Remix.run Logo
lateforwork 3 hours ago

> where all values are subclasses of a single superclass

I don't understand this. By values do you mean a row (in database terms)? I don't understand what that has to do with rigid typing.

Lack of rigid typing has two issues, in my opinion: First, when two or more applications have to read data from a single database, lack of an agreed-upon-and-enforced schema is a limitation. Second, when you use generic tools to process data, the tools have no idea what type of data to expect in a column, if they can't rely on the table schema.

subhobroto 2 hours ago | parent [-]

First off, I am so glad the famous "HN conjure" actually worked! My "if Dr. Hipp was reading this thread" was tongue in cheek because on HN it was extremely likely that's precisely what would happen. Thank you for chiming in, Dr. Hipp - this is why I love HN!

So, in case you missed it, you're responding to Dr. Hipp himself :)

> I don't understand what that has to do with rigid typing.

Now I would like to learn a bit from Dr. Hipp himself, so here's my take on it:

Scripting languages (like my fav, Python) have duck or dynamic typing (a variation of what I believe Dr. Hipp, you specifically call manifest typing). Dr. Hipp's take is that the datatype of a value is associated with the value itself, not with the container that holds it (the "column"). (I must say I chose the word "container" here to jive with Dr. Hipp's manifest. Curious whether he chose that word for typing for the same reason! )

- In Python, everything is fundamentally a `PyObject`.

- In SQLite, every piece of data is (or was?) stored internally as a `sqlite3_value` struct.

As a result, a stack that uses Python and SQLite is extremely dynamic and if implemented correctly, is agnostic of a strict type - it doesn't actually care. The only time it blows up is if the consumer has a bug and fails to account for it.

Hence, because this possibility exists, and that no objective research has proven strict typing improves reliability in scripting environments, it's entirely possible our love for strict types is just mental gymnastics that could also have been addressed, equally well, without strict typing.

I can reattempt the "HN conjure" on Wes McKinney and see if this was a similar reason he had to compromise on dynamic typing (NumPy enforces static typing) to Pandas 1.x df because, as both of them are likely to say, real datasets of significant size rarely have all "valid" data. This allows Pandas to handle invalid and missing fields precisely because of this design (even if it affects performance)

A good dynamic design should work with both ("valid" and "invalid") present. For example: layer additional "views" on top of the "real life" database that enforce your business rules while you still get to keep all the real world, messy data.

OTOH, if you dont like that design but must absolutely need strict types, use Rust/C++/PostgreSQL/Arrow, etc. They are built from the ground up on strict types.

With this in mind, if you still want to delve into the "Lack of rigid typing has two issues" portion, I am very happy to engage (and hope Dr. Hipp addresses it so I learn and improve!)
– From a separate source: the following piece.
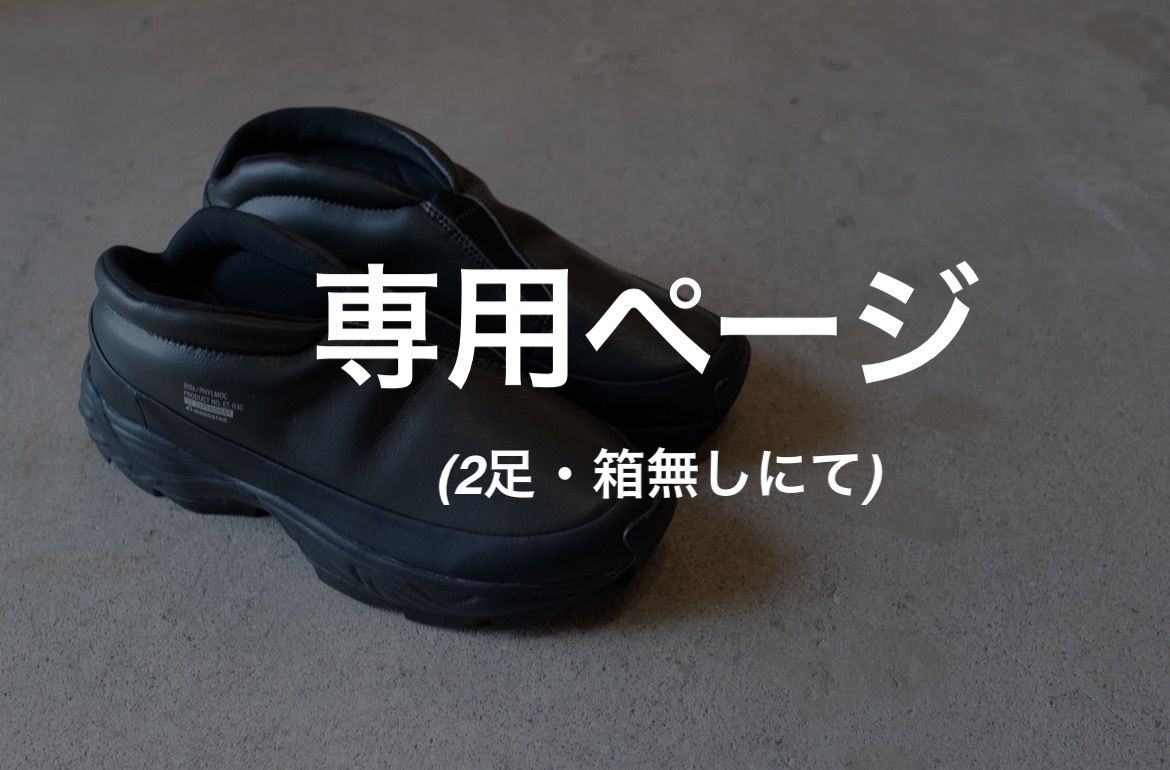 専用出品 brown_commander185＋前室＋top black 専用出品 brown_commander185＋前室＋top black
The real world is noisy, has surprises in store for us and as much as engineers like us would like to say we understand it, we don't! So instead of being so cocksure about things, we should instead be humble, acknowledge our ignorance and build resilient, well engineered software.
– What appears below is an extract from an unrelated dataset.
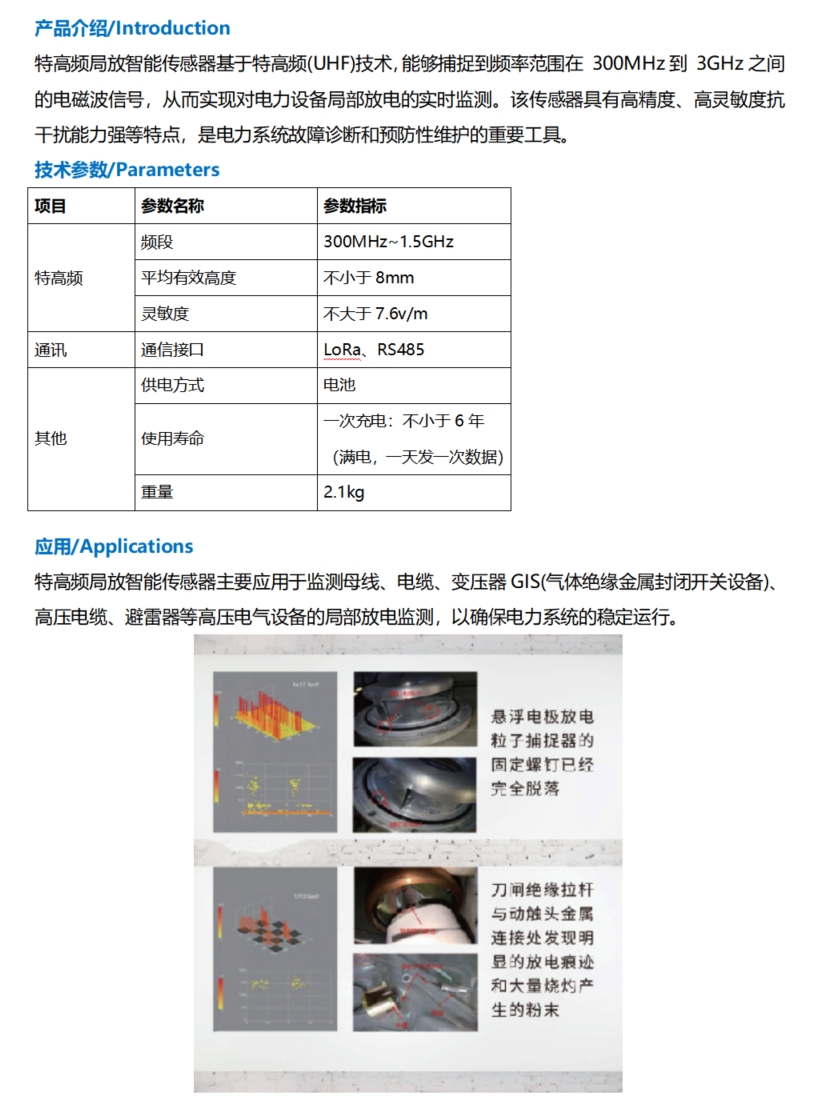 特高频传感器.jpg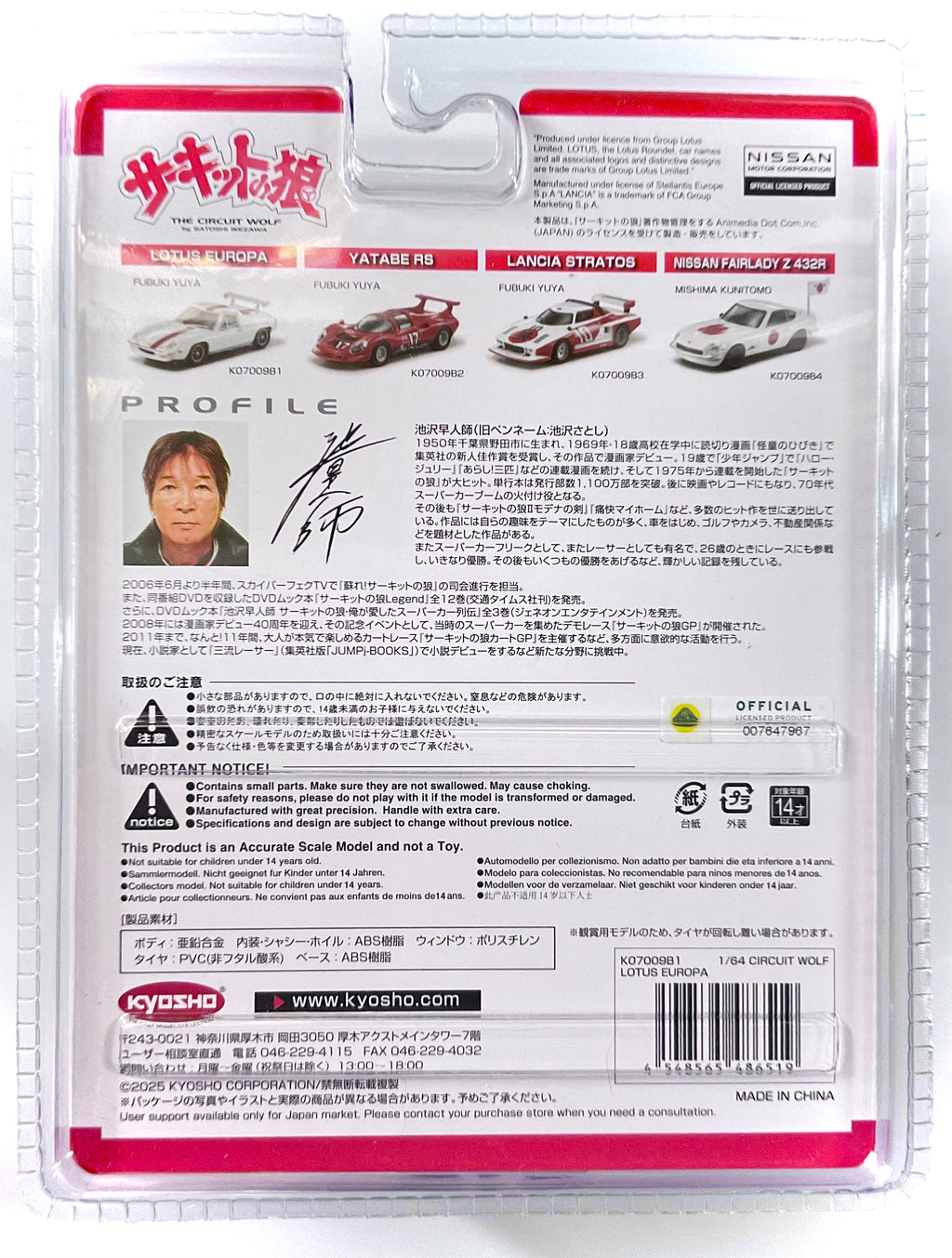 LOTUS EUROPA , KYOSHO scala 1/64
Again, Dr. Hipp, Thank you for chiming in and I would be much obliged to learn more from you.

lateforwork an hour ago | parent [-]

Thank you for the great explanation. But SQL isn't as dynamically typed as you suggest. If a column is defined as DECIMAL(8, 2), it would be surprising for some values in that column to be strings. RDBMSs are expected to provide data integrity guarantees, and one of those guarantees is that only values matching the declared column type can be stored.

Relaxing that guarantee has benefits. For example, it can make application evolution easier--being able to store strings in a column originally intended for numbers is convenient. But that convenience can become a liability when multiple applications read from and write to the same database. In those cases, you want applications to adhere to a shared schema contract, and the RDBMS is typically expected to enforce that contract.

It also creates problems for generic tools such as reporting systems, which rely on stable data types--for example, to determine whether a column can be aggregated or how it should be formatted for display.